- The stock market is poised to peak in the next two weeks as inflation makes a comeback, according to Bank of America.
- The bank said investors should fade the S&P 500 as it approaches the 4,200 level.
- “Bear risk still disinflation proves ‘transitory’ and/or ‘no landing’ flips to ‘hard landing,” BofA said.
Investors hoping for a continuation of the stock market rally that began in mid-October are in for a rude awakening, according to Bank of America.
The bank said that the stock market is set to peak in the next two-weeks because inflation is poised to make a comeback.
“We say fade [the] S&P 500 above 4,200,” Bank of America’s Michael Hartnett said in a Friday note. The S&P 500 traded at about 4,170 in Friday trades.
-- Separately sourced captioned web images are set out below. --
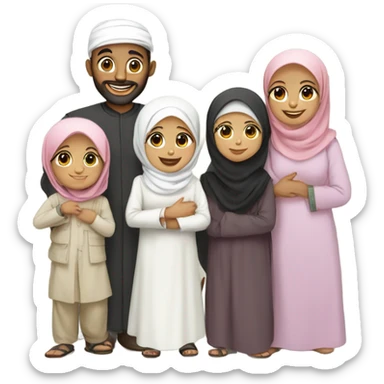 muslim family taking picture sticker
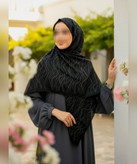 روسری سوپرنخ طرح موج قواره ۱۴۰، مشکی با خطوط نقرهای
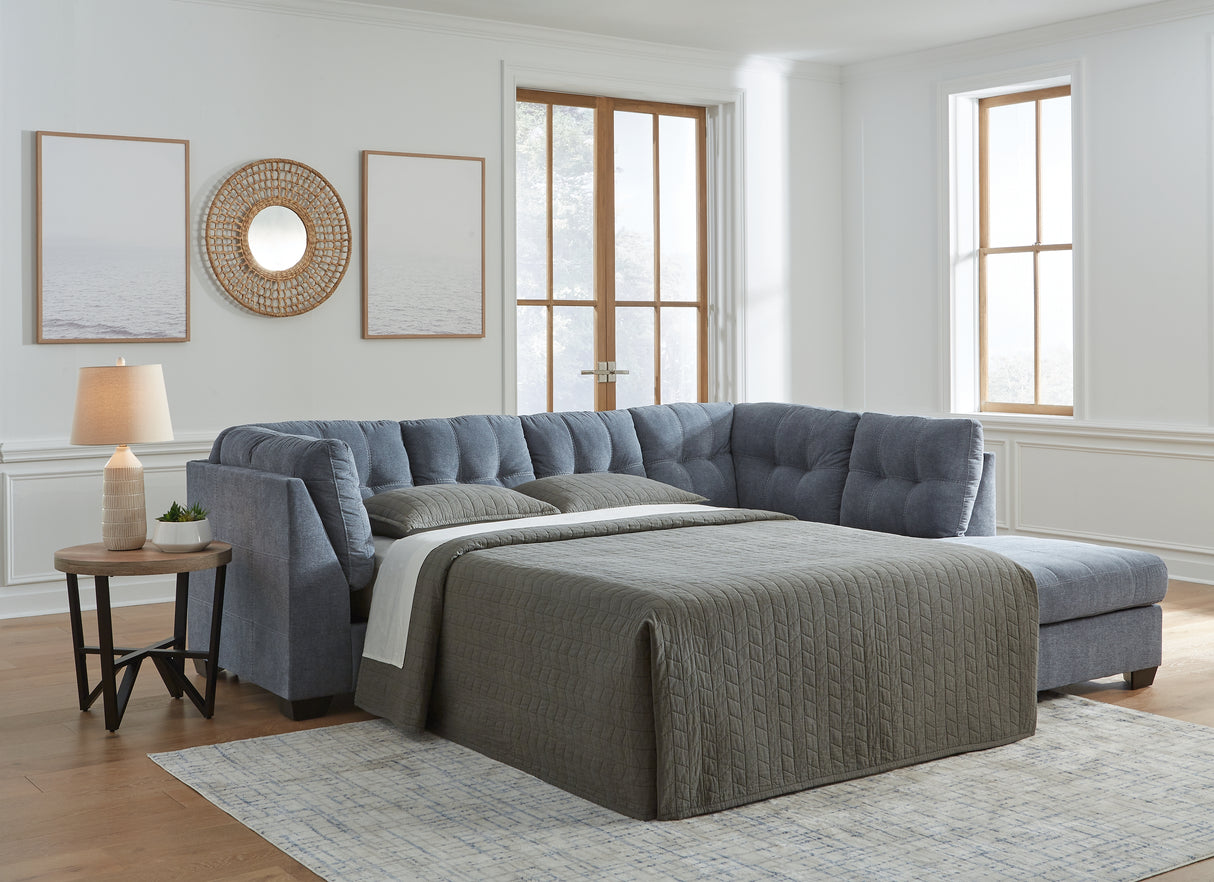 Mega Furniture - Ashley Furniture - Marleton Sectional - 2-Piece Sleeper Sectional with Chaise / Denim - 55303S4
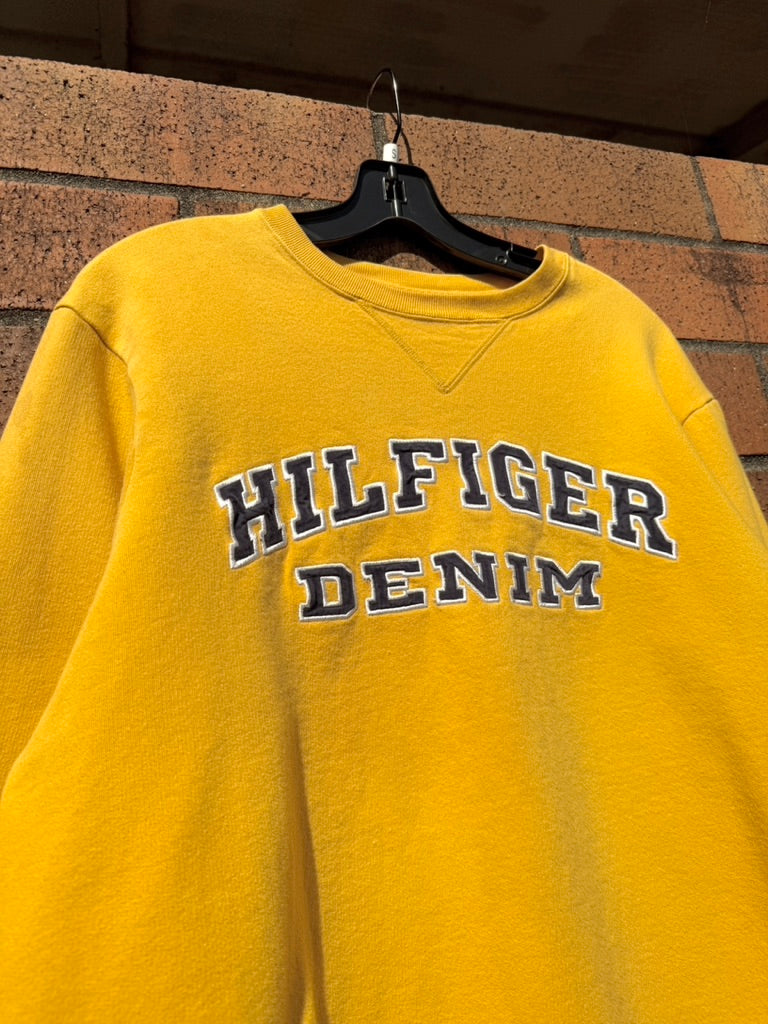 Y2K Tommy Hilfiger Denim Yellow Crewneck Sz Small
Since the lows of mid-October, the stock market has soared 19% on encouraging data showing that inflation is starting to cool. Even Fed Chairman Jerome Powell acknowledged this fact in his FOMC press conference earlier this week, having mentioned the word “disinflation” 13 times.
But Hartnett thinks the current environment of disinflation could prove transitory, and that will spark the Fed to push on with its hawkish stance and keep raising interest rates. The January jobs report backs up Hartnett’s thinking, as the economy added 517,000 jobs in what continues to be a resilient labor market.
Such a tight labor market could continue to fuel wage increases, which is a contributing factor to the pace of inflation. The one factor that could help spark wage deflation is an increase in immigration to the US and Europe, Hartnett acknowledged.
Hartnett also reminded investors that monetary policy works with a lag, and given the sharp pace of interest rate hikes over the past year, there could be significant pain for the economy in the months ahead. One year ago, the Fed Funds rate stood at 0.25%. Today, the Fed Funds rate is 4.75%.
The combination of a hawkish Fed and a return to inflation suggests a hard economic landing is still in the cards later this year.
Also of note is the high level of greed currently in markets, according to Hartnett, who pointed to the spread between corporate bond yields relative to treasury bills. The spread is currently at 60 basis points, which is rare.
“Such ‘greed’ preceded tops and crashes,” Hartnett said, noting that years where this spread reached such extremes included 2007, 1973, and 1929.
But a renewed bull market in stocks is always possible, and Hartnett offered some factors investors should watch for.
“We are bullish bonds [in the] first half of 2023 but once recession starts, yield curve steepens, and only if credit (homebuilders, semis, banks) continues to rally can we be sure bull has begun,” Hartnett concluded.